The simple answer to that question is: one hell of a lot.

A slightly more informative answer would be: more than double the amount available to a retiring high-wage earner through social security, and over $15,000 more than the average, currently working private sector employee in California.

A really, really specific, detailed, and nuanced answer can be found here:

“What is the Average Pension of a Retired Government Worker in California?”

From the article:

“…the average public employee retiree with 30 years of service collects a pension (not including benefits) that is 26% greater than the average pay and benefits for a non-retired full time private sector worker, and more than twice the maximum Social Security benefit.”

What are those numbers, exactly? Your average “full career” public employee in California has a pension that brings in $68,673 annually, while an average full-time worker in California’s private sector brings in $54,326 in pay and benefits, while the maximum social security benefit to a high-wage earner retiring at 66 is $32,244.

What’s wrong with this picture? Where to begin…

Well, we suggest you begin by reading the article linked above. It is by far the most comprehensive study into the inequalities presented by the public benefits system. The study is long, and detailed, but we cannot stress enough how well it paints the picture of the bullsh*t that Public Sector Unions have pulled over on the rest of California.

Here are some of the juicy, non-numbers stuff from the article for those of you who are disinclined to do all of your assigned reading:

“For example, CalPERS on their “Myths vs. Facts” page states “The average CalPERS pension is about $31,500 per year.” This is a profoundly misleading statement…But that average [of $31,500] was for all retirees regardless of if they retired before benefits were enhanced, and regardless of how many years they worked…it can be seen that a more accurate average, based on 30 years work and retirement after 2000, is more than twice what CalPERS claims, $71,402. It should go without saying that if someone does not work a “full career,” they should not expect the amount of their pension to be based on a full career of service.

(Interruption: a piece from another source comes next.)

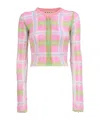 Marni Check-print Brushed-finish Jumper In Pink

Several additional points should be made. We assume that 30 years is a “full-career,” but why? After all, a typical American worker who enrolls in Social Security can expect to work well over 40 years, from, say, age 26 through age 65, before they are eligible for the full Social Security benefit. And to put these pensions in perspective, the maximum Social Security benefit for someone retiring on their 66th birthday is $32,244. As shown on Table 1-B, across all 23 pension systems that we analyzed, the average pension for a retiree with 30 years of service is $68,673, more than twice as much.”

And finally, our favorite:

“Much of the discussion surrounding pensions has focused on their financial sustainability. While this is a question of vital importance, too often overlooked is the moral question of whether pensions are simply too generous when compared to government retirement programs for private sector workers, regardless of their affordability. There is a compelling case to be made that if the government is going to offer citizens programs like Social Security, or pensions for government workers, then perhaps all citizens should have the opportunity to select from the same set of benefit formulas and incentives.”